Alors, au lendemain de la Deuxième Guerre mondiale, l'Europe était fortement liée, comme c'est le cas aujourd'hui aux États-Unis, à travers la création de l'OTAN, l'Organisation du traité de l'Atlantique Nord, où un certain nombre de pays européens sont entrés dans une 
organisation pour l'essentiel dominée par les États-Unis, et notamment par le fait que les États-Unis disposaient, étaient les premiers avec la Russie naturellement, la Russie soviétique, à disposer de l'arme nucléaire.

La garantie de sécurité européenne après la Deuxième Guerre mondiale était offerte par les Américains.

Et puis, rapidement s'est posée la question de savoir comment les Européens pourraient être autonomes ou pourraient en quelque sorte disposer d'une capacité à se défendre à l'échelon européen, pas seulement par les États-Unis.

Et donc, c'est le projet de la Communauté européenne de défense qui a été initié en 1950, mais qui s'est soldé par un échec, puisque le Parlement français n'a pas voté ce projet de Communauté européenne de défense en 1954, projet qui consistait à créer une armée 
européenne.

Un projet extrêmement ambitieux mais dont il ne faut jamais oublier que cette armée 
européenne était placée sous la direction ou sous la férule de l'OTAN.

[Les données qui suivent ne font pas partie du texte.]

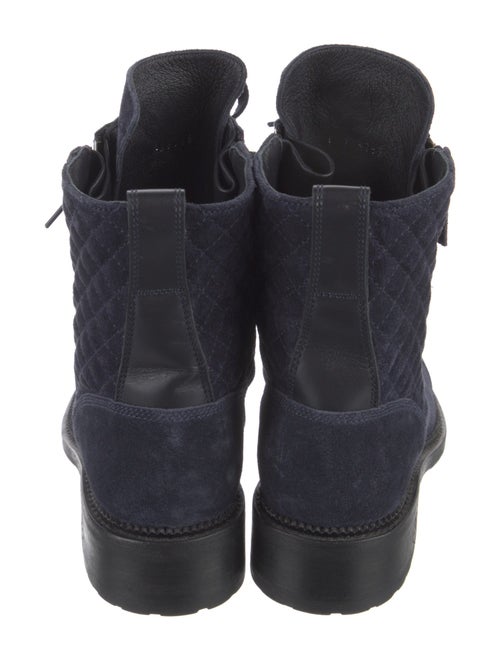 Chanel Interlocking CC Logo Suede Combat Boots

Donc, de ce point de vue, il ne faut pas dire que c'est l'Europe de la défense première version, qui est morte en quelque sorte avec la Communauté européenne de défense, parce que ça restait une défense européenne sous contrôle américain.

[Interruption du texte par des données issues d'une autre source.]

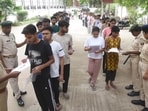 Candidates appear for the NEET-UG examination. TVK demanded that the medical entrance test be scrapped.(Santosh Kumar/Hindustan Times))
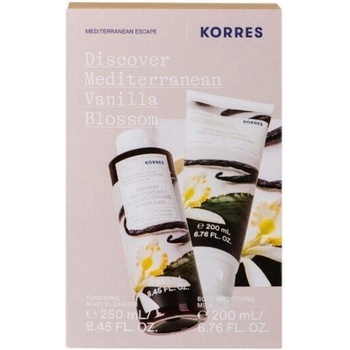 KORRES Промо сет душ гел + крем за тяло Ванилия , Korres Mediterranean Vanilla Blossom Set Renewing Body Cleanser 250 ml + Body Smoothing Milk 200 ml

Et ensuite le véritable point de départ le renouveau de la défense européenne après, en quelque sorte, ce moment difficile de la CED, c'est en 1992, avec le traité de Maastricht, qui dispose d'un volet en matière de politique étrangère et de politique de défense avec la 
politique européenne de sécurité et de défense, la PESC, qui donne lieu à des aspects 
militaires.

Donc la politique européenne de sécurité et de défense, devenue depuis le traité de Lisbonne en 2007, la politique de sécurité et de défense commune, qui définit en quelque sorte une ligne pour l'Union européenne en matière de défense et de sécurité.

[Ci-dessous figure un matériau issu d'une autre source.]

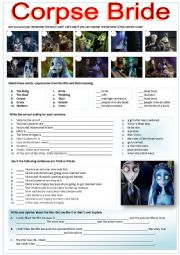 English Worksheet: CORPSE BRIDE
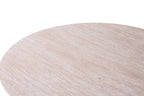Table basse ovale LYANE effet travertin beige - 120 cm - ROUSSEAU chez TIKAYLA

Et bien entendu, la question d'une défense européenne, est devenue encore plus pressante avec la dégradation des relations internationales, en particulier dans le contexte de la guerre en Ukraine.

Mais en réalité, les questions se posaient déjà dès les années 1990 avec la guerre en 
ex-Yougoslavie, avec la guerre au Kosovo décidée sous la bannière de l'OTAN, là encore.

Et ce qui apparaissait déjà dans les années 1990, avant même la guerre en Ukraine, c'était la capacité de l'Europe à être une puissance.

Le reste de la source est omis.